Testing and Monitoring Machine Learning Model Deployments
Updated: Jun 4
For years, businesses and developers have understood the importance of testing software before deployment. Before it can interface with customers in real time, a business naturally wants the software to function as expected. With the increasing demand for machine learning implemented in business, it’s reasonable to expect that machine learning models deployed into production need to be tested just as rigorously.
However, for many businesses, machine learning model deployments are relatively new, and some don’t have sufficient knowledge or a foundation in place to test them as rigorously as they test software. Though extensive testing of these models needs to happen in research and development, many other problems can also occur once live data enters the model.
In this blogpost, I’ll give a brief overview of what machine learning model deployment means and entails, along with some of the differences between testing these models in deployment as opposed to standard software. Next, I’ll discuss why testing machine learning models is important and the challenges these models might face after deployment. Finally, I’ll discuss methods for testing in order to address these challenges.

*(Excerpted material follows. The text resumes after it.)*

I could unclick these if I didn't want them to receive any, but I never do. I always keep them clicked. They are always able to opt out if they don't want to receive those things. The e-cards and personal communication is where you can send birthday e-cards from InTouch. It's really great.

For details on the technical implementation of testing and monitoring machine learning model deployments, visit our online course.
Reproducibility in Model Deployment
The deployment of a machine learning model occurs when the business makes the model available in the production environment. Here, the model can take in live data as an input and give the most updated results to other software systems and customers.
Before this happens, ideally some testing occurs to ensure that the same machine learning model is reproducible between the research environment and the production environment. In other words, we’ve confirmed that given the same input, the model will return the same output in both environments.
Reproducibility ensures that the business value generated by the model will translate from research into production. Significant time and resources go into optimizing the model in research to make sure that it maximizes the business value, but if the model isn’t reproducible, the value may not hold.
In practice, it’s hard to make the model truly reproducible in both environments for a variety of reasons, though I won’t dive too deeply into that here. However, if the models aren’t completely reproducible, testing hopefully allows us to understand where the models diverge at the very least, and we can proceed effectively enough with that knowledge.
In addition to testing the models between research and production, we can also test again after deployment; here, we’ll use the live data instead of historical data. This is a good starting place for testing the model, but reproducibility doesn’t necessarily mean the model maximizes business value. Many more tests should occur to assess the effectiveness of the model, which is what I’ll dive into in the remainder of this blogpost.
Shadow deployments are critical to effectively testing and monitoring a machine learning model. A shadow deployment describes the process of running production traffic through the model but not serving its predictions to customers. In the meantime, whatever old model or version in place serves predictions, and the results from the new model are stored for testing and analysis.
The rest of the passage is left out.